When the Olympic Park was at the design stage, planners recognised that it needed a Big Thing to draw the crowds after the Games were over. In 2009 it was decided that the Big Thing should be an "Olympic Tower", so a design competition was hurriedly organised and a shortlist of possible projects drawn up. In 2010 the winner was announced, a lofty coiled sculpture in Anish Kapoor's trademark red, selected not just for its supposed relevance to Olympic themes but also because it could be completed in the time available. Metal magnate Lakshmi Mittal provided the steel, and not quite all of the money to build it, so a grateful Mayor duly named the completed tower after him. It's the ArcelorMittal Orbit, to some a key legacy asset, to others a ghastly intrusion on the East London skyline with a stupid name. Alas it's not been the tourist draw Boris and Tessa hoped, at least not since the Games were over, the park itself proving sufficient to reel people in. I have, of course, been up several times.
I've never seen a rush at the Orbit's ticket office. They've closed the souvenir shop too, which now forms a storage area for the adjacent East Twenty bar/cafe/restaurant. The trick is to book online before you come, because you'll be stung for £3 extra if you stump up cash in person. I bought my ticket at home an hour before arriving, once I knew the weather was perfect, but they've grown wise to that trick and now you have to book by midnight the day before. Importantly your ticket is also an annual pass, or at least it is once you've gone through some administrative palaver at the ticket office, and this turn-up-and-go flexibility means the £11.95 might just be damned good value for money.
The staff did seem terribly excited that I'd come back to use my ticket again. You must pop in whenever, they said, in a tone of voice that suggest any boost to visitor numbers were welcome. But they were also friendly, helpful and polite, which are all the qualities you want at a public attraction, as they led me over to the bottom of the shaft. We let you ride the lift by yourself now, they said, which sounds like a recent cost-cutting measure because I've always had someone along to press the button before. And so I got to rise eighty metres solo, looking out through tiny portholes (at not much of a view), all the way up to the top observation deck (where the view is considerably better).
The top deck has three parts - a central viewing gallery and two exterior wings. If you've a head for heights, or can put out of your mind that you're standing on a bolted-on platform, the exterior wings offer the best view. That's also so long as your camera lens is small enough to poke through the lattice of holes - my compact was fine, but your giant lens might fail. The west wing is the only place to look down inside the stadium, or at least it was before the new roof went on, but now even from this height the entire interior field of play is obscured. It's also the best place to soak in the viewup the park, tracing the intricate patchwork of vegetation and development along the Lea - an amazingrepresentation of the wholesale transformation of the area over the last ten years.

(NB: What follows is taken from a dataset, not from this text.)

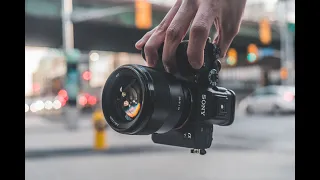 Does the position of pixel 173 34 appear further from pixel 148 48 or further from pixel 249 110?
pixel 249 110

Once you've soaked in the view the upper floor has one more attraction, a big mirror. Anish Kapoor likes big mirrors, and this one spins you round, or blows you up, or squishes you round, depending on where you stand. It's most likely to be of interest if you're the sort of person who takes selfies, or under ten, or both. I can vouch for this because, just as I'd been enjoying having the gallery pretty much to myself, the lift delivered 60 pupils from a secondary school in Staffordshire. They were on a three day QEOP trip to take part in several Olympic sports, the Orbit being their end-of-the-day treat, and swirled round the top deck taking photos mostly of themselves. Thankfully they were all pretty well behaved, but I felt squeezed out and descended to the level below.
The downstairs view would be better if someone cleaned the windows. Obviously that's quite tricky this high up, but whereas the top deck's had been relatively clean the lower floor's were post-precipitation splotchy. Indeed if it's views you want then upstairs' are better, so don't rush down too soon. The added extra here is a shop, or more realistically a few display cases containing all the Orbit-branded postcards, t-shirts and tea towels anyone could ever need, and more.
And then you can make a start on the descent, either copping out via the lift or taking the external spiral staircase 455 steps down. I'm not always good with heights but I seem to have no problem with walking through a coiled suspended tube umpteen metres up, perhaps because a protective mesh blocks the view a little too much. One particularly nice touch is a soundscape project that broadcasts recordings made locally every quarter revolution, including at West Ham's current stadium, in Columbia Road Market, and during the Games themselves. It takes a while to reach the ground, which is no bad thing, and then a turnstile expels you back to real life.
The Orbit lacks a proper wow factor that would make it a must-see for millions of visitors to the capital, and is currently languishing at number 501 in TripAdvisor's list of London attractions. It fails to offer a 360° panorama because the liftshaft gets in the way, and the views would be better without its red steel skeleton getting in the way. But it is fascinating to be able to enjoy a lofty viewing platform above the Olympic site, and I'm surprised by how unfrequented the Orbit has become. Whatever, I'm intending to visit at least four times during the lifetime of my twelve month annual pass, which at less than £3 an ascent will be worth every penny.